Kopdes Merah Putih bukan sekadar koperasi simpan pinjam biasa. Ia lahir dari semangat gotong royong, berdiri di atas prinsip kemandirian, dan bergerak sebagai simpul ekonomi rakyat. Dengan struktur yang fleksibel namun kuat, Kopdes mampu menjangkau lapisan masyarakat desa secara langsung—dari petani, nelayan, pedagang pasar hingga ibu rumah tangga.

Lebih dari itu, Kopdes Merah Putih kini dikembangkan menjadi inkubator bisnis desa, dengan tiga pilar utama:

1. Identifikasi dan Aktivasi Potensi Lokal

Kopdes menjadi pusat pemetaan potensi desa, baik sumber daya alam maupun sumber daya manusia. Melalui pendekatan partisipatif, Kopdes mendorong warga menemukan peluang usaha berbasis lokal, seperti olahan hasil tani, pariwisata berbasis komunitas, hingga jasa digital dan kreatif.

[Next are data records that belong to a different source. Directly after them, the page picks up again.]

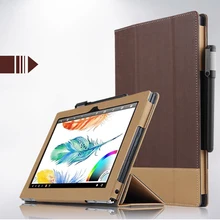 Высокое качество, модные кожаные case для lenovo yoga книга case luxury 10.1 “откидная крышка для lenovo yoga обложка книги tablet pc shell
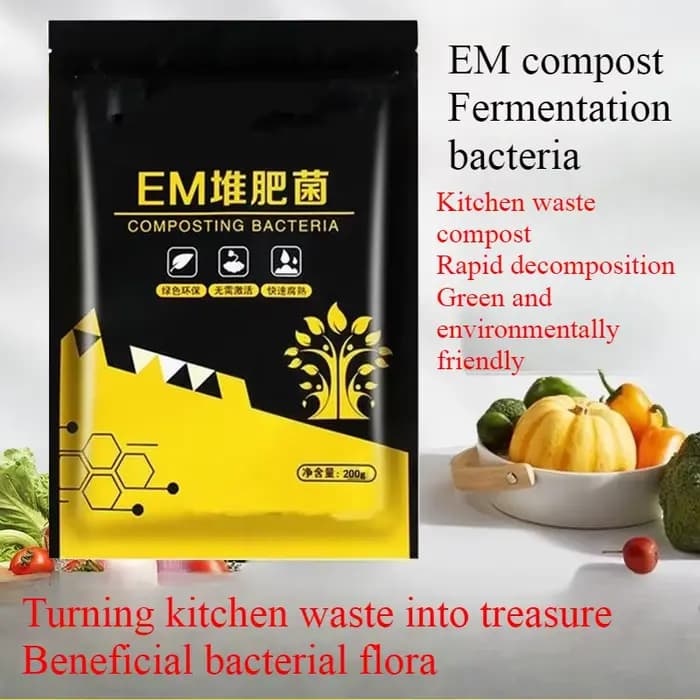 EM compostage bactéries/clôts de cuisine racine des déchets Classification des déchets Agent de Fermentation compostage microbien bactéries de Fermentation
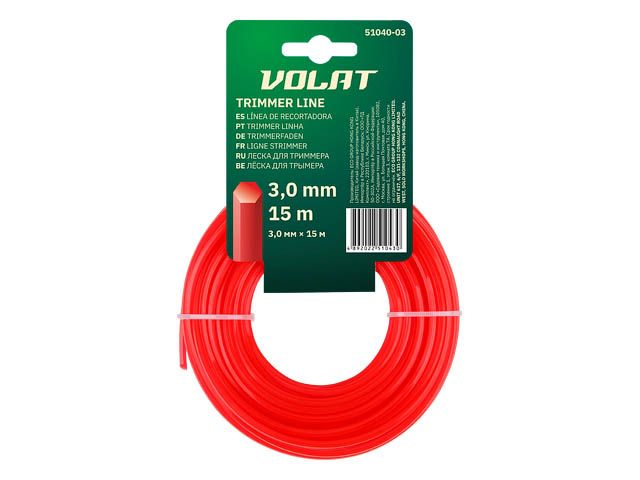 Леска ф 3.0 мм х 15 м "звездочка" ВОЛАТ, 51040-04 (40)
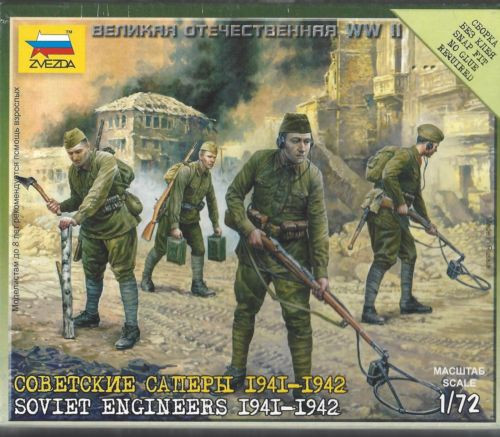 Zvezda 6108 - SOVIET ENGINERS 1941-1942 / 1:72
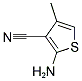 2-AMINO-3-CYANO-4-METHYLTHIOPHENE 结构式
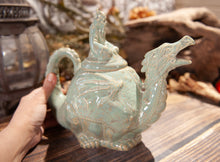 Load image into Gallery viewer, Light Green Dragon Teapot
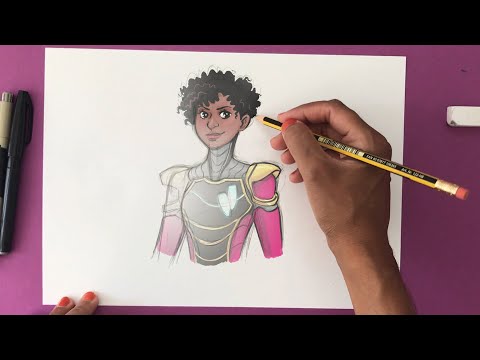 You Can Draw Ironheart! | Marvel Draw (en Español)!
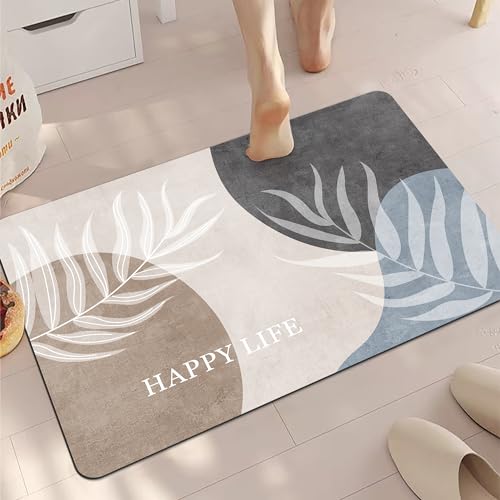 LXWINNER Super Absorbierende Badematte,Memory-Schaum-Badematten-Set,rutschfeste Mikrofaser...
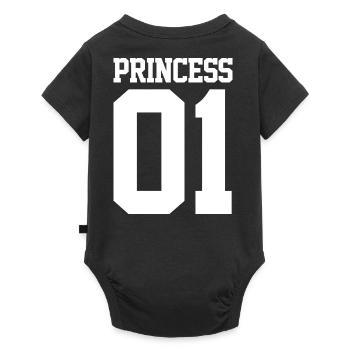 Princess 01 - Baby Premium short-sleeve bodysuit - black - Back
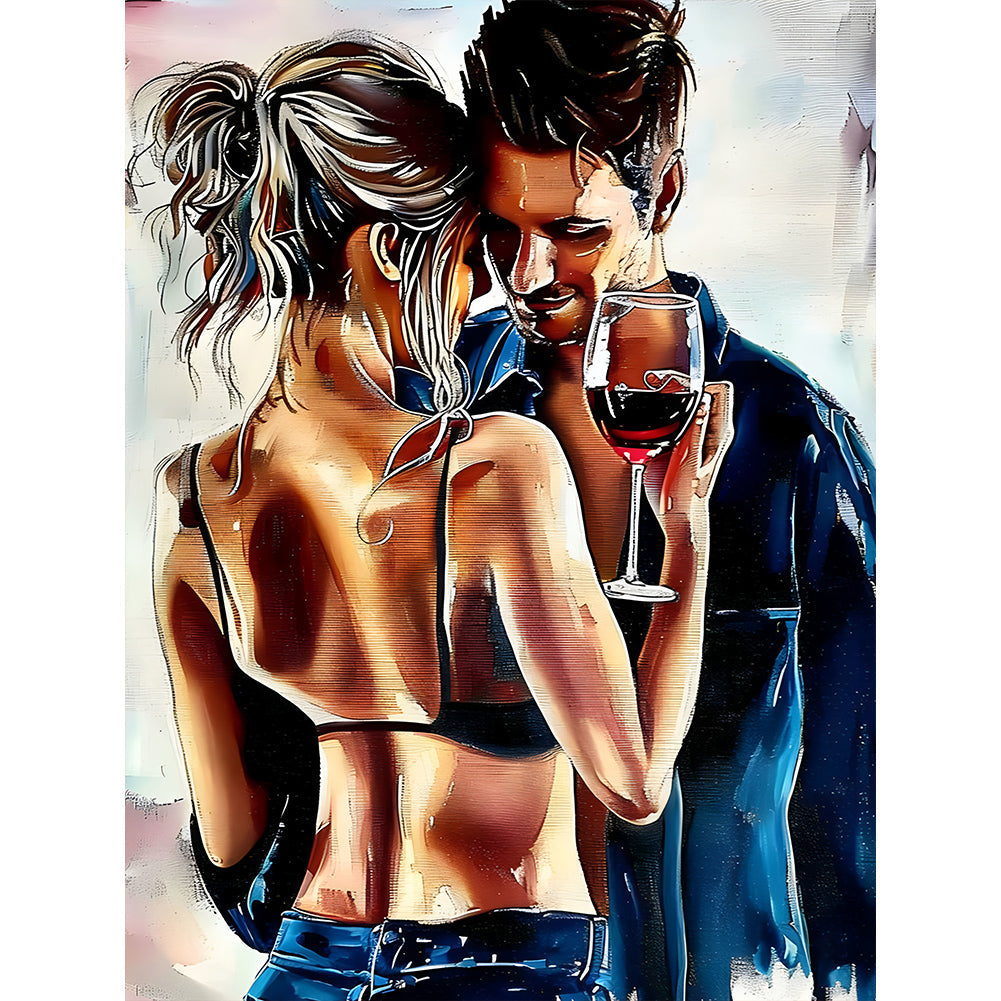 Couple- Diamond Painting-30x40cm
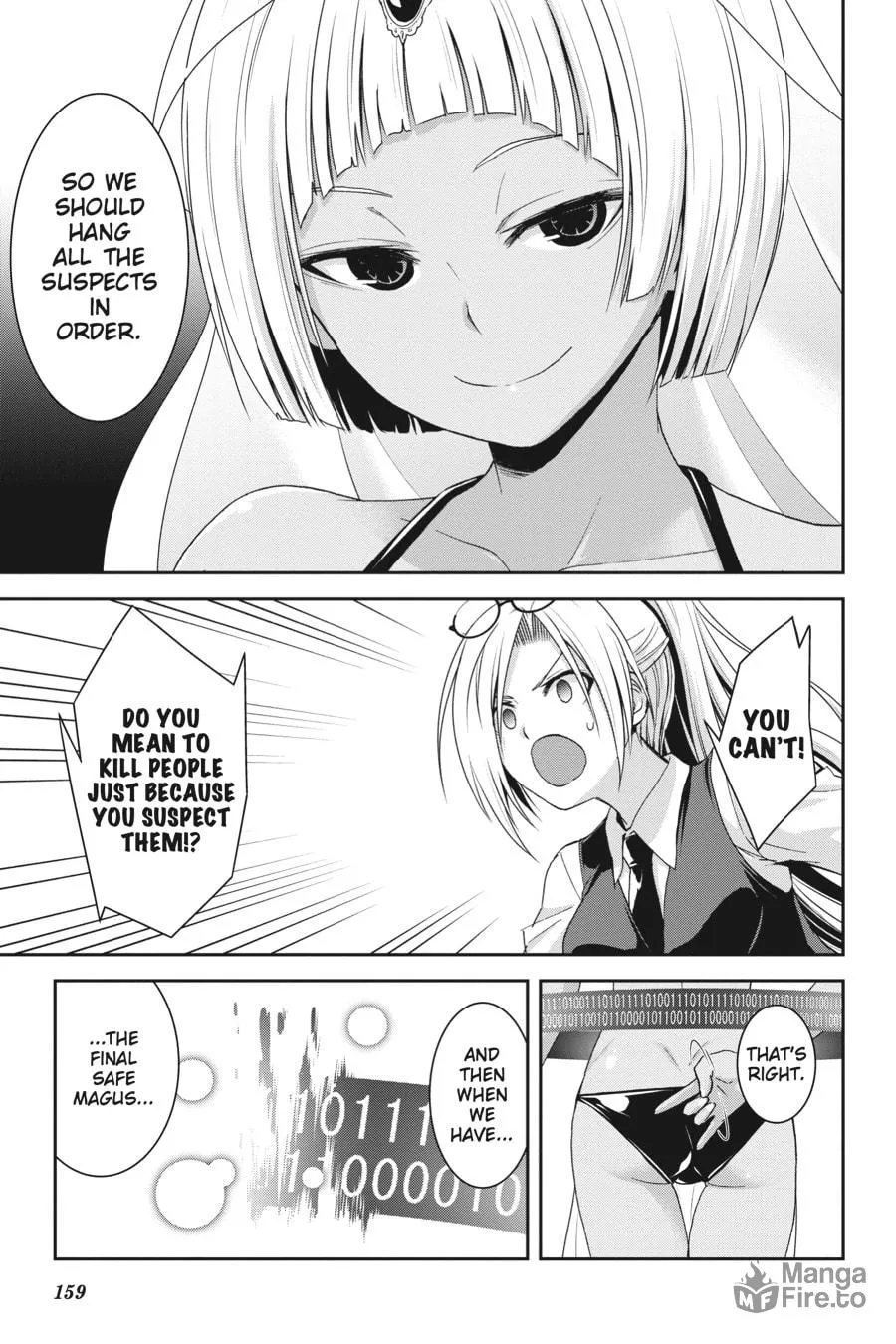 Read Trinity Seven - Revision chapter 8 image 17 on Lezhin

2. Pelatihan dan Pendampingan Berkelanjutan

Tak cukup hanya memberikan modal, Kopdes membangun kapasitas warga melalui pelatihan kewirausahaan, manajemen usaha, hingga literasi keuangan. Pendampingan ini dilakukan secara intensif oleh pengurus Kopdes dan mitra strategis, termasuk lembaga pelatihan, universitas, dan pelaku bisnis sukses dari rantau.

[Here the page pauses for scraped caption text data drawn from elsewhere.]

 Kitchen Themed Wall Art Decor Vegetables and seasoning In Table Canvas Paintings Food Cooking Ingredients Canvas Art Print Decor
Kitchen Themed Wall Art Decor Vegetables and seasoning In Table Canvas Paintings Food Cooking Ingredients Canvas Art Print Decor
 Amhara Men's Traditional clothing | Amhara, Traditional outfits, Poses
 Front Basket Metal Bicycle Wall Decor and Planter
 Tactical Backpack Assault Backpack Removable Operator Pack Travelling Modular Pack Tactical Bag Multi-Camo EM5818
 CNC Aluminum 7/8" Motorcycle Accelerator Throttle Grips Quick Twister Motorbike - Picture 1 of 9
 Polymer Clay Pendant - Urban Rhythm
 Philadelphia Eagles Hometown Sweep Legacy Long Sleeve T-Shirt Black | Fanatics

3. Akses Permodalan dan Pasar

Kopdes Merah Putih menjadi jembatan antara wirausaha desa dengan akses permodalan yang terjangkau dan sehat. Tak hanya itu, koperasi ini juga membangun jejaring pemasaran berbasis komunitas dan digital, termasuk kolaborasi dengan BUMDes, marketplace lokal, dan pameran produk UMKM.

Satu Desa, Satu Pengusaha: Gerakan yang Realistis dan Revolusioner

Gerakan Satu Desa Satu Pengusaha bukan mimpi utopis. Ia adalah langkah konkret untuk menurunkan angka pengangguran, memperkuat ketahanan pangan, dan mengurangi urbanisasi yang tak terkendali. Dengan ekosistem yang tepat—Kopdes Merah Putih sebagai pusatnya—setiap desa dapat melahirkan minimal satu wirausahawan tangguh yang tumbuh dari, oleh, dan untuk desa itu sendiri.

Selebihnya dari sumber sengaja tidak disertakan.